将'C'中的char数组拆分为CSV

Question

I need to split a char array into CSV's. Actually we can do the reverse of it using strtok() like:

#include <stdio.h>
#include <string.h>

int main ()
{
 char str[] ="This,a,sample,string.";
 char * pch;
 printf ("Splitting string \"%s\" into tokens:\n",str);
 pch = strtok (str,",");
 while (pch != NULL)
 {
   printf ("%s\n",pch);
   pch = strtok (NULL, ",");
 }
 return 0;
}

But in my case, there's an char array suppose char bits[1024]="abcdefghijklmn" . I need to get the output as a,b,c,d,e,f,g,h,i,j,k,m,n .

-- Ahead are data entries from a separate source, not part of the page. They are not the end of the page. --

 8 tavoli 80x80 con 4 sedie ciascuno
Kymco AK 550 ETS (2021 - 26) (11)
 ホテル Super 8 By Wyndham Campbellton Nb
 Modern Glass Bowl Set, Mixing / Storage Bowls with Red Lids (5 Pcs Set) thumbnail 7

Is there any function or library to do this ie in terms of raw meaning, for every character it has to put a comma.

Answer 1

Just iterate over the string until you hit the end-of-string '\\0' character. Or use the length of the data in the array (which may be smaller than the array size) and use a simple for loop.

Answer 2

you can use this simple function from old basic :

// ............................................................. string word at

char * word_at(char *tString, int upTo, char *dilim) {

     int wcount;
     char *rString, *temp;
    temp= (char *) malloc(sizeof(char) * (strlen(tString)+1));
    strcpy(temp, tString);

    rString= strtok(temp, dilim);
    wcount=1;

    while (rString != NULL){
        if (wcount==upTo) { 
     return rString;
        }
        rString= strtok(NULL, dilim);
        wcount++;
    }
   return tString ;
  }

parameter : string , index and character delimiter return : word : ( char *)

Answer 3

This works for a null terminated string. But it will leave a dangling comma at the end.

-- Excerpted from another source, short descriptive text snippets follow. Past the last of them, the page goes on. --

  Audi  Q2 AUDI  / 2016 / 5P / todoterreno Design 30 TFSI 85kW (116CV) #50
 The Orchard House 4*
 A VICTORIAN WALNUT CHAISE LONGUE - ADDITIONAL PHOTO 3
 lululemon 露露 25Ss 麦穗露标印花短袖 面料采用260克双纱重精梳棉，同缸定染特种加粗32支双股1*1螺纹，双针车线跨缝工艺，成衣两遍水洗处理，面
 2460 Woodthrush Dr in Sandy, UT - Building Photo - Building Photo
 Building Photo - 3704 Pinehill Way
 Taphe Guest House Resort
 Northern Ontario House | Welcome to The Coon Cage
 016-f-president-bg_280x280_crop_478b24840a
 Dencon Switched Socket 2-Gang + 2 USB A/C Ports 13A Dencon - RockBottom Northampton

void tokenise(char *s, char *d)
{
 while(*d++ = *s++) *d++ = ',';
}

If you know the length of the string already, you can pass that through. This will not leave a dangling comma.

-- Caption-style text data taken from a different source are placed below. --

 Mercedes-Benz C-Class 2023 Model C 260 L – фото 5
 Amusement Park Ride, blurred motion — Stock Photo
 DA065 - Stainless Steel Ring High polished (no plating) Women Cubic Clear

void tokenise(char *s, char *d, int length)
{
    int i = 0;
    while((*d++ = *s++) && ((i++)<(length-1))) *d++ = ',';
}

In both examples, s is a pointer to the source string and d points to the output tokenised string. It is up to the calling code to ensure the buffer d points to is sufficiently large.

Answer 4

If you find easy to implement it, then this could help you to start

char* split_all( char arr[], char ch )
{
    char *new, *ptr;

    new = ptr = calloc( 1, 2*strlen( arr ) ); // FIXME : Error checks

    for( ; *(arr + 1) ; new++, arr++ )
    {
            *new = *arr;
            new++;
            *new = ch;
    }

    *new = *arr;
    return ptr;
}

You can re-use, optimize this for your requirement. Its a quick and dirty solution, feel free to fix it..